What you will do:
Set the data down exactly as it stands, and keep its pictures out.

※ ※ ※

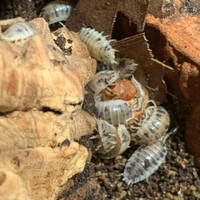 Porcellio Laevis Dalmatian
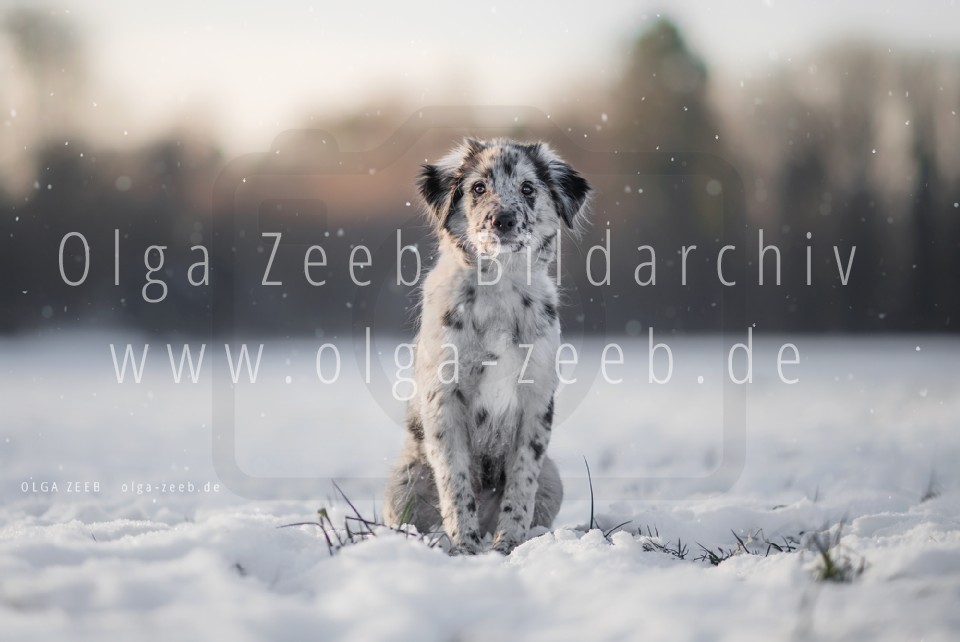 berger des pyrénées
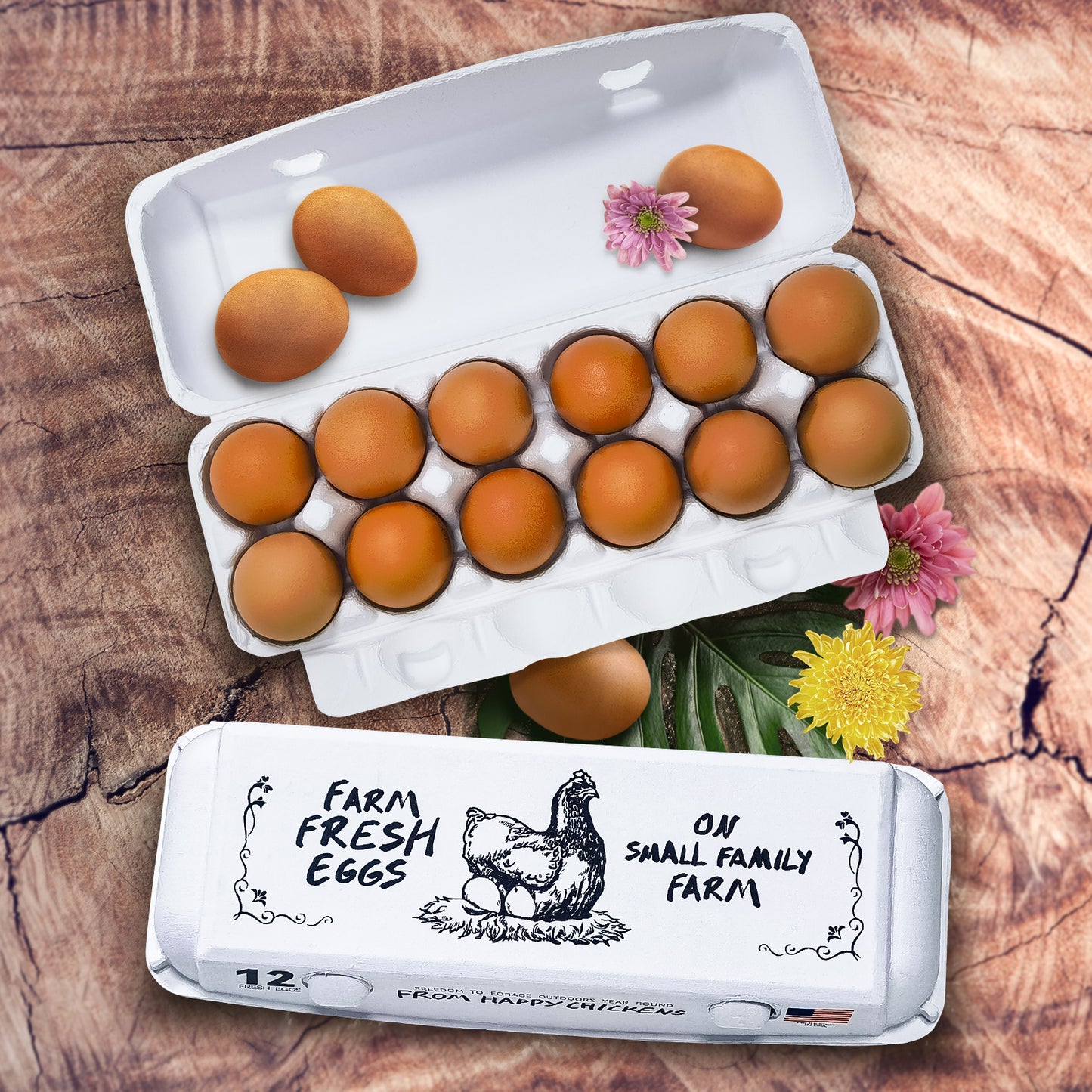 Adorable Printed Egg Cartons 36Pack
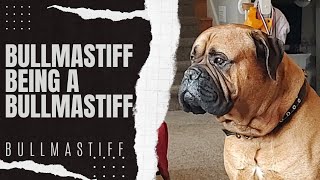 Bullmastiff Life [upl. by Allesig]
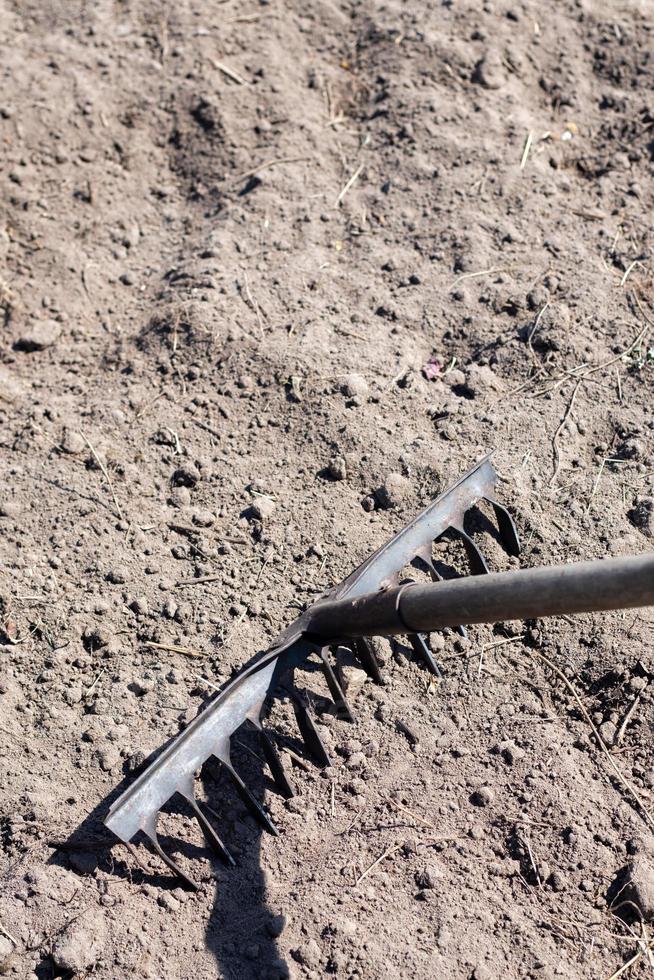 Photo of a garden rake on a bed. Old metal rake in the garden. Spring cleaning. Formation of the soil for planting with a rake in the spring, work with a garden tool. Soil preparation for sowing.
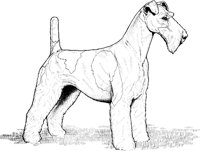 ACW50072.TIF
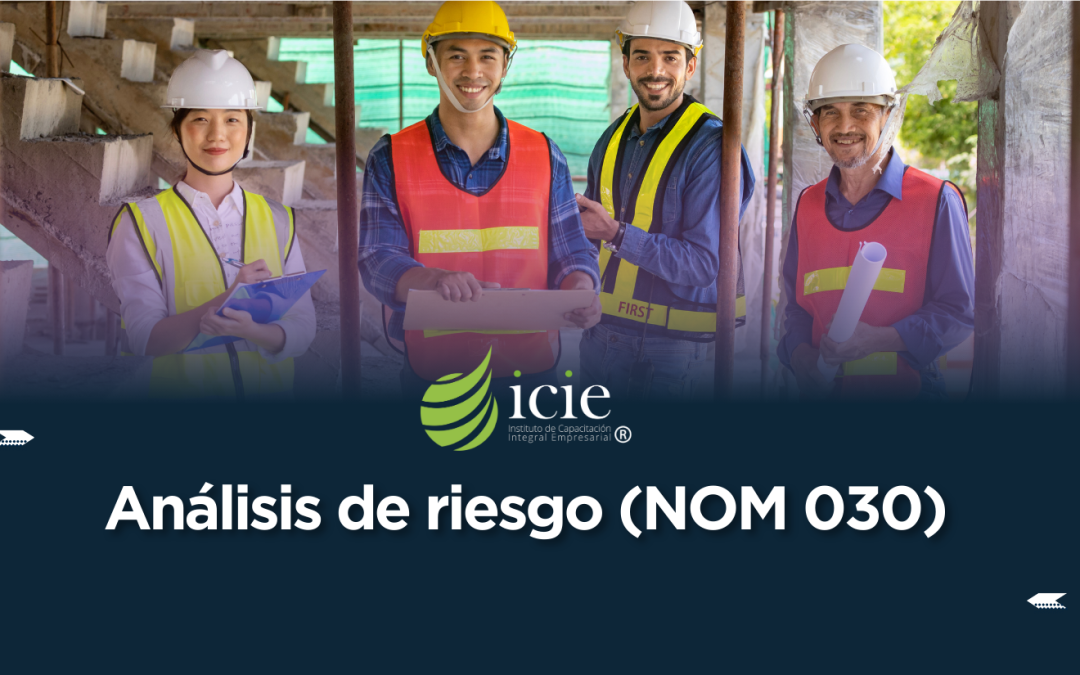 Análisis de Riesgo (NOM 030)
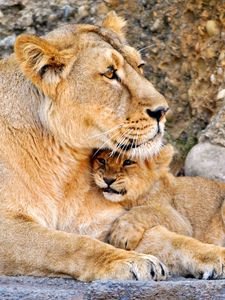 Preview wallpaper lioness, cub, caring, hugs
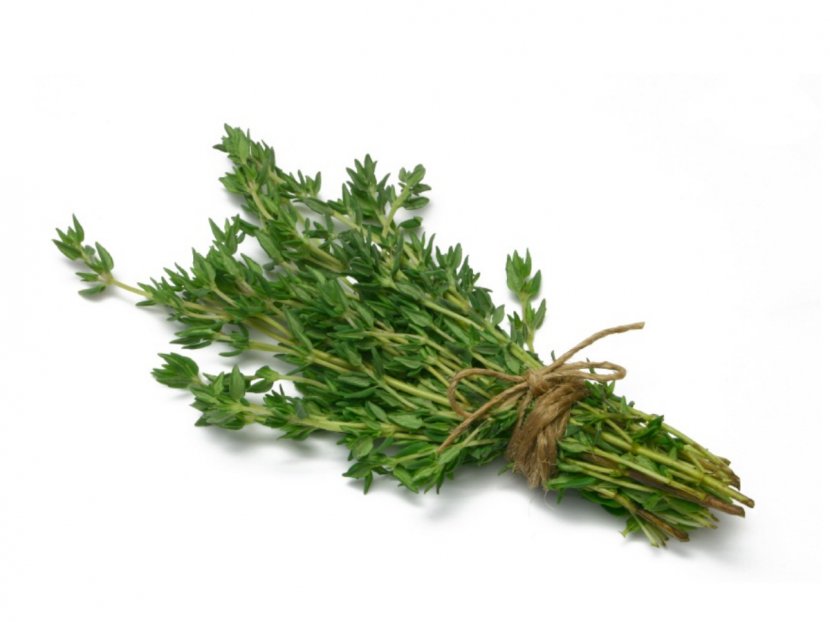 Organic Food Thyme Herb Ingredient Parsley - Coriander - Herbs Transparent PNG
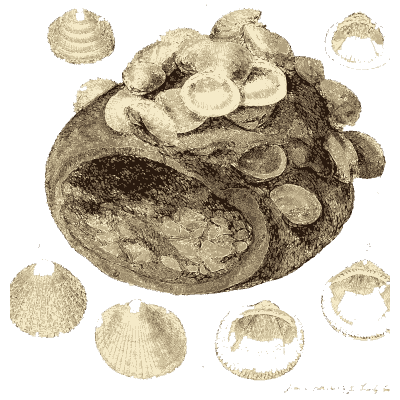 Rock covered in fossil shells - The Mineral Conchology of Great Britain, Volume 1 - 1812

※ ※ ※

Reply:
 Porcellio Laevis Dalmatian
 berger des pyrénées
 Adorable Printed Egg Cartons 36Pack
 Bullmastiff Life [upl. by Allesig]
 Photo of a garden rake on a bed. Old metal rake in the garden. Spring cleaning. Formation of the soil for planting with a rake in the spring, work with a garden tool. Soil preparation for sowing.
 ACW50072.TIF
 Análisis de Riesgo (NOM 030)
 Preview wallpaper lioness, cub, caring, hugs
 Organic Food Thyme Herb Ingredient Parsley - Coriander - Herbs Transparent PNG
 Rock covered in fossil shells - The Mineral Conchology of Great Britain, Volume 1 - 1812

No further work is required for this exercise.